Sally has six tangerines

(Sermon for August 3, 2008 || Proper 13, Year A RCL || Matthew 14:13-21)

“We have nothing here.”

This is the disciples response to Jesus’ preposterous notion that they might possibly find enough food to feed all these people—five thousand men plus countless women and children. They followed Jesus here to this desert to be near him, to feel his compassion and his healing touch. They followed Jesus here and now the evening has come and the crowd is restless, hungry, pressing in. The place is deserted: there’s no vendor anywhere. The hour is late: there’s no time to search. The crowd is massive: there’s no food anyway, not even for the disciples.

“We have nothing here.”

The disciples rummage in empty rucksacks, hoping that a further perfunctory exploration of their food stores will mollify Jesus. “They need not go away,” he had said. “You give them something to eat,” he had said. But they aren’t expecting us to feed them; we’re under no obligation. Furthermore, we can’t give what we don’t have! And…

“We have nothing here!”

To punctuate their point, they turn over the last rucksack and shake it… “Oh, except for a few loaves and a couple fish.” They count them: five squashed loaves, two dry fish. They trace figures in the air—so that’s one loaf per thousand men and two-fifths of a fish. They raise doubtful eyebrows when Jesus asks them to bring him these pitiful scrapings from the bottom of that last rucksack. They start chuckling, but their laughter dies when they look at Jesus’ face. They’ve seen that look before. They know what it means. They bring him the loaves. They bring him the fish. And they wait, incredulous but expectant.

“We have nothing here.” The world suffocates us with this lie so often that we forget we ever knew how to breathe. You will have no friends until you wear this catalogue. You will have no transportation until you drive this luxury car. You will have no romance until you purchase this diamond. You will have no beauty until after your gastric bypass.

“We have nothing here.” Suffocation leads to apathy and apathy leads to hopelessness. And hopelessness drives away from us any thought that we can participate in changing the world.

“We have nothing here.” These are hopeless words, empty words, words incapable of carrying promise or releasing imagination. These words stifle creativity and leave no space for the deep breath of blessing.

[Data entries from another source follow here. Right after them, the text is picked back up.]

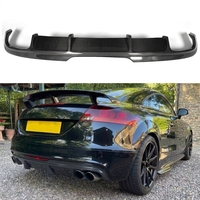Diffuseur de pare-chocs arrière en fibre de carbone véritable pour Audi TT TTS MK2 8J 2008-2014, lèvre de séparateur arrière agressive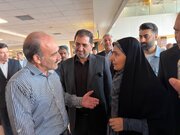 بازدید وزیر راه و شهرسازی از روند جابه‌جایی زائران در فرودگاه بین‌المللی مشهد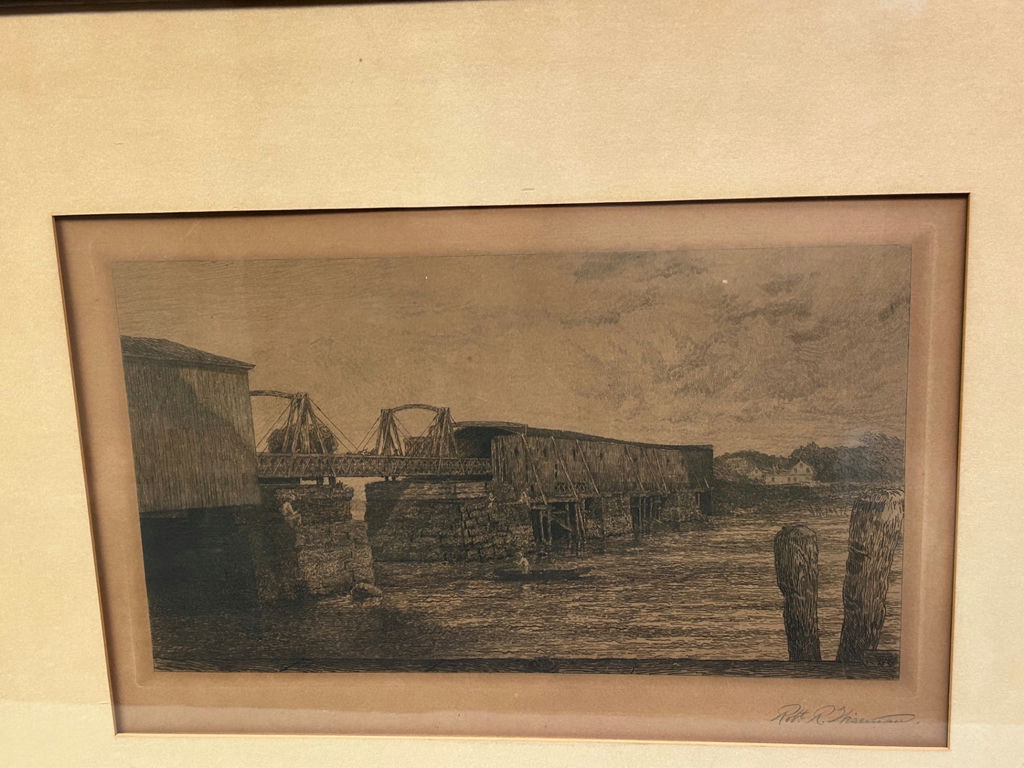 Robert R. Wiseman Bridge Scene Etching  - image 7 of 7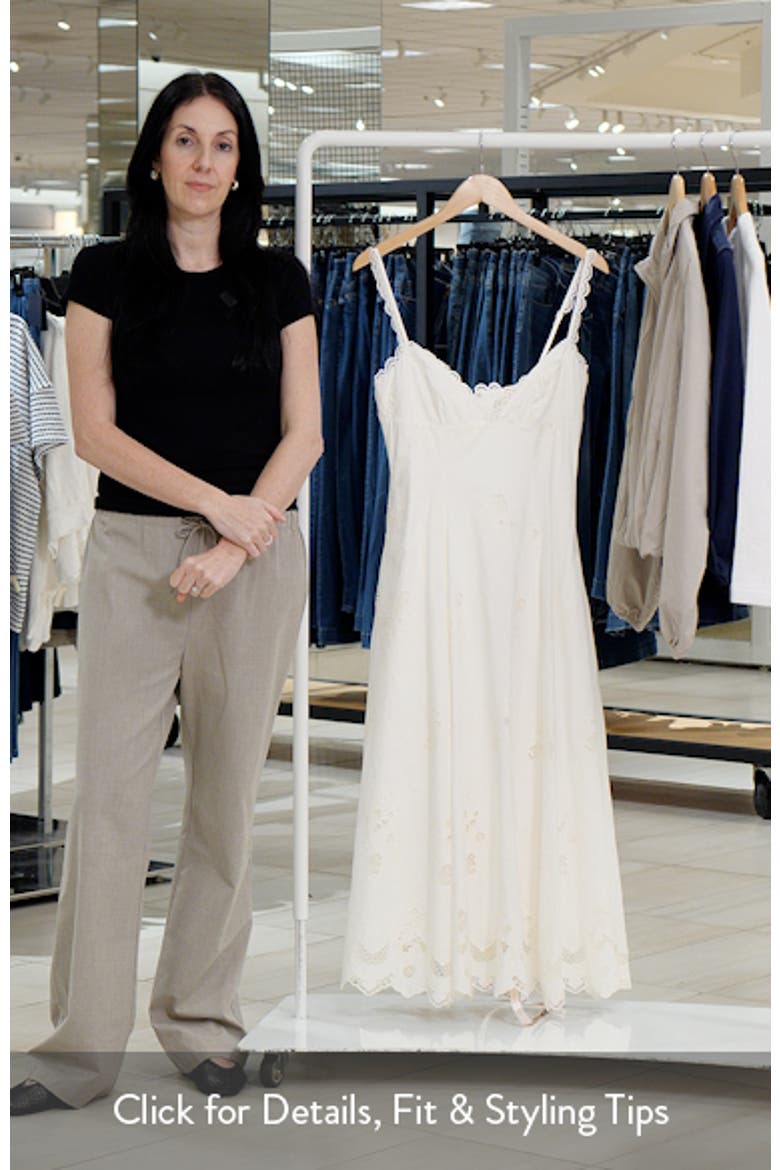 Tatiana Broderie Midi Dress video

But Jesus invites us to take this deep breath with him when he says: “Bring them here to me.” The disciples take him the measly offering: five loaves and two fish. With no thought about how comically small an amount of food this meal is, Jesus looks up to heaven and blesses the offering. Then he breaks the bread and cuts up the fish. He hands the blessed food to his disciples, and they give it the crowds. And they keep giving away the food and giving it away and giving it away. All the people have their fill, and the disciples gather up quite a bit more than they began with.

This is, of course, not how math usually works. Math usually works like this: Sally has six tangerines. She gives Joe two of her tangerines. How many tangerines does Sally have? Four. Right. But the counterintuitive nature of Jesus’ blessing learned a different kind of math. Sally has six blessings. She gives Joe six of her blessings. How many blessings do Joe and Sally have? 12? 36? I’m unsure of the exact equation, but the mathematics of Jesus’ blessing always add and multiply; they never subtract or divide.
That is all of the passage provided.